── Data

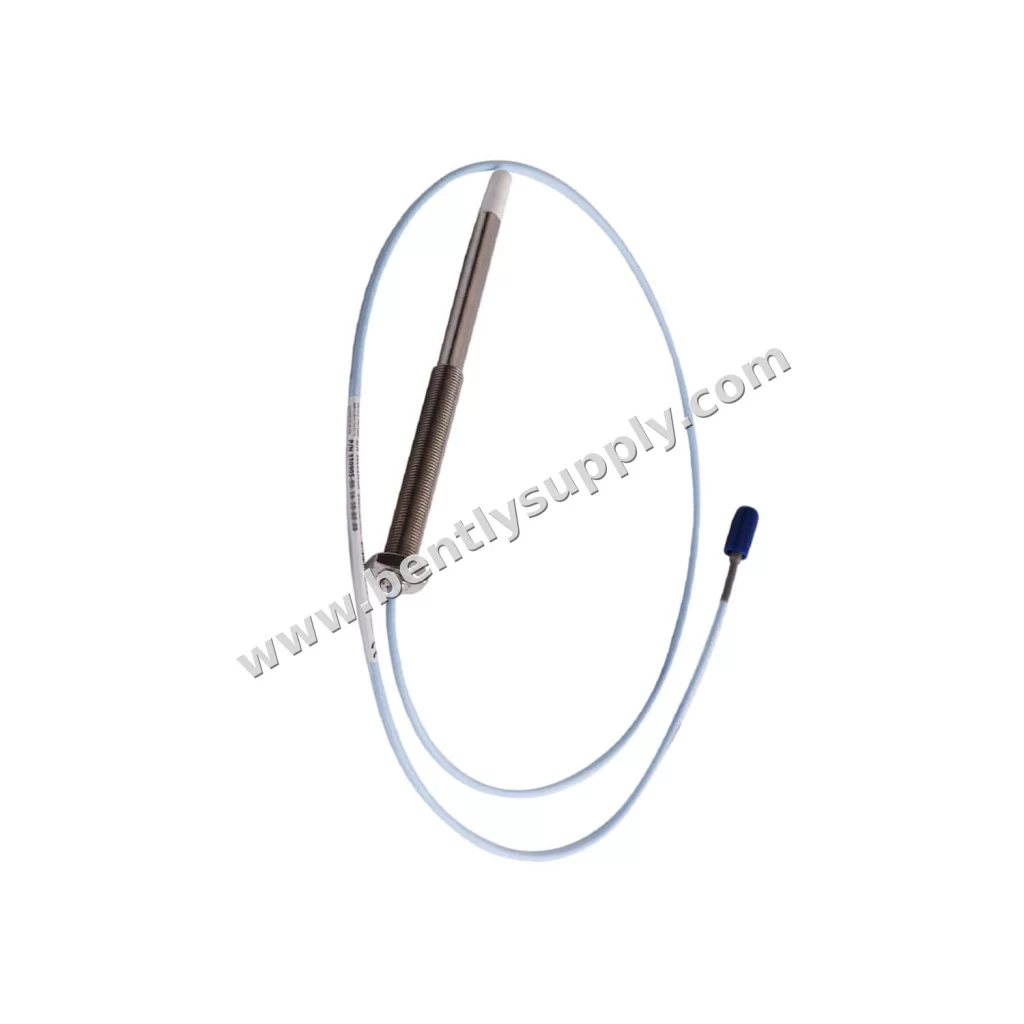Bently Nevada 330905-00-18-05-02-00 product photo — Bently Nevada 330905-00-18-05-02-00 Sondas de proximidade 3300 NSv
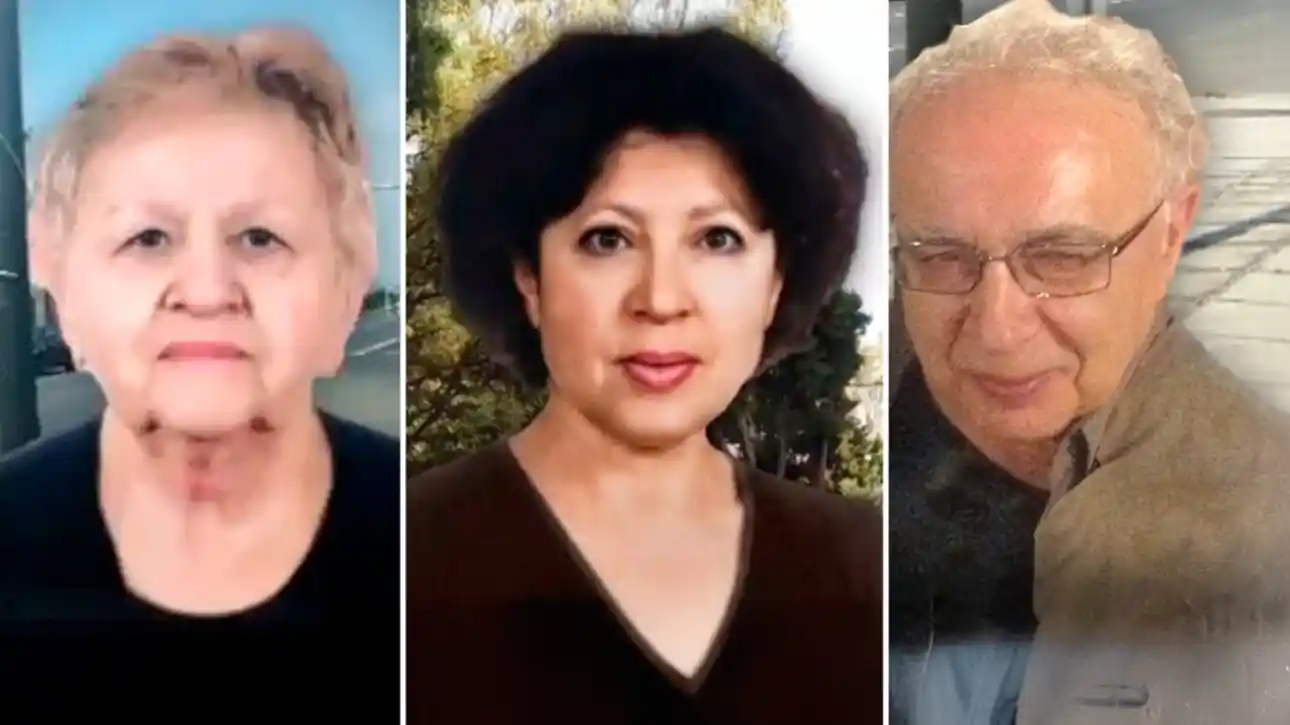 Ελληνικό: Απροσδιόριστη η αιτία θανάτου της 98χρονης και της κόρης της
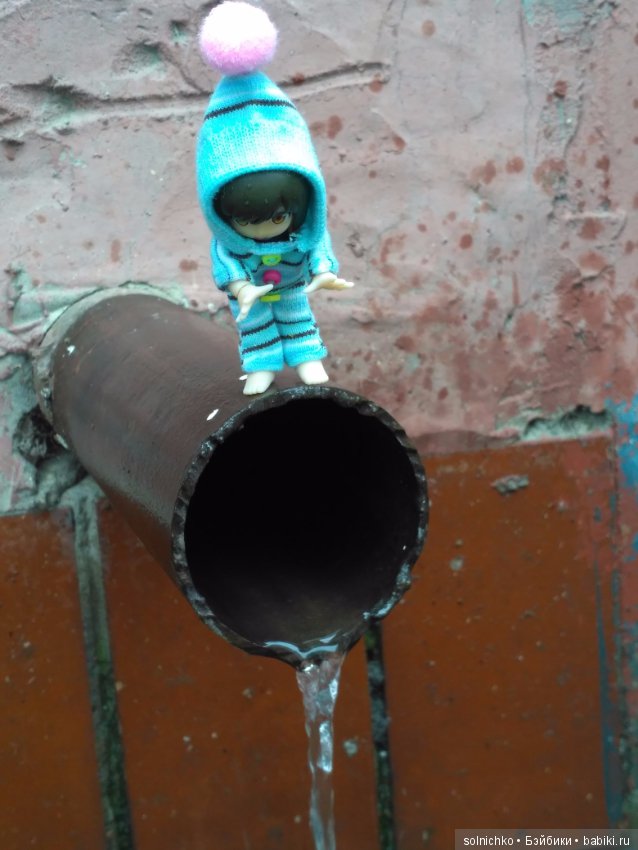 Помогите выбрать место для отдыха! Бонус от меня: Много и Разных фото кукол :-)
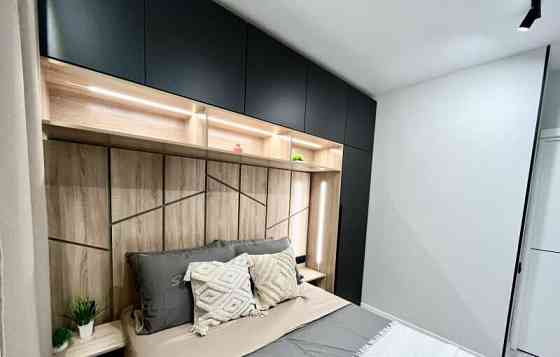 2-комн. квартира, 45 м2, 1/22 эт. Балашиха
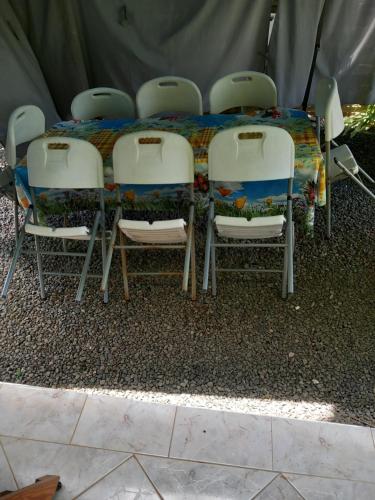 Villa goyavier HTSA - image 6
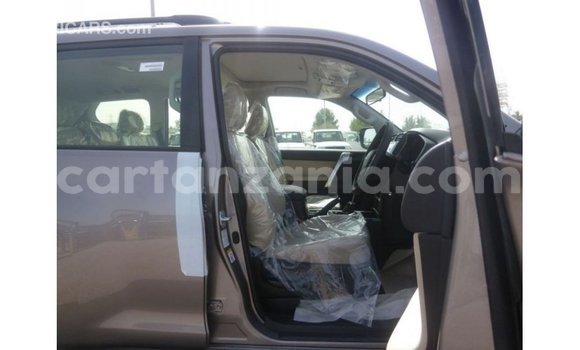 Buy Import Toyota Prado Other Car in Import - Dubai in Arusha Buy Import Toyota Prado Other Car in Import - Dubai in Arusha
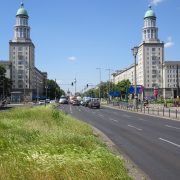 Online reeks: Berlijn – college IV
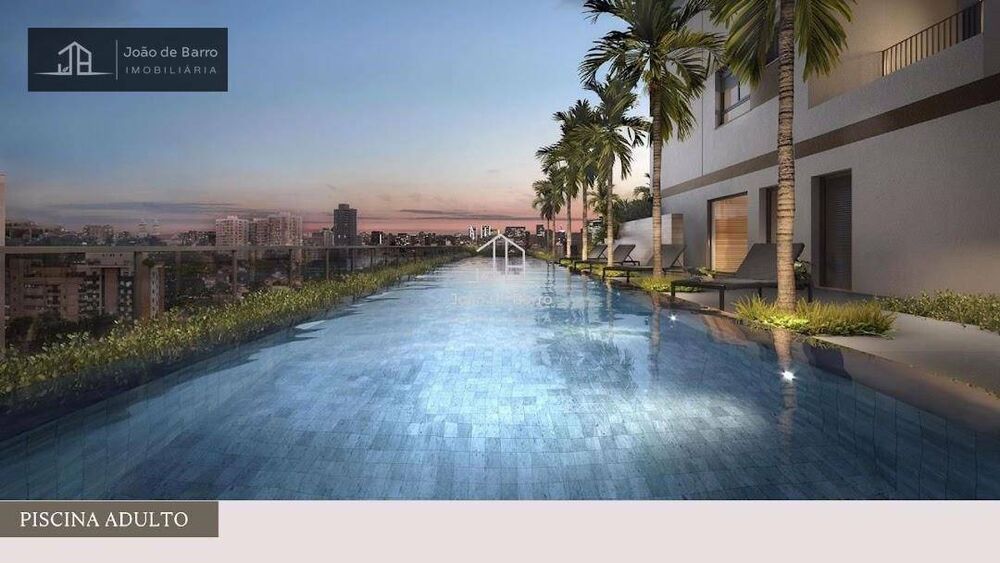 Apartamento à venda com 4 quartos, 157m² - Foto 12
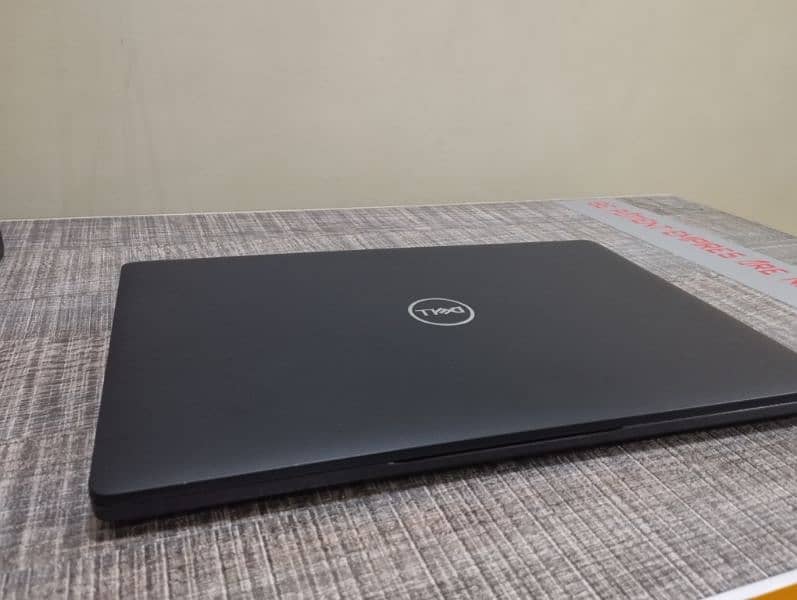 Dell latitude 5400  i5 8th Gen 5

────

(Exercise instructions) Output all of the listing above, exactly as given, but without its pictures.

(Answer area)
Bently Nevada 330905-00-18-05-02-00 product photo — Bently Nevada 330905-00-18-05-02-00 Sondas de proximidade 3300 NSv
 Ελληνικό: Απροσδιόριστη η αιτία θανάτου της 98χρονης και της κόρης της
 Помогите выбрать место для отдыха! Бонус от меня: Много и Разных фото кукол :-)
 2-комн. квартира, 45 м2, 1/22 эт. Балашиха
 Villa goyavier HTSA - image 6
 Buy Import Toyota Prado Other Car in Import - Dubai in Arusha Buy Import Toyota Prado Other Car in Import - Dubai in Arusha
 Online reeks: Berlijn – college IV
 Apartamento à venda com 4 quartos, 157m² - Foto 12
 Dell latitude 5400  i5 8th Gen 5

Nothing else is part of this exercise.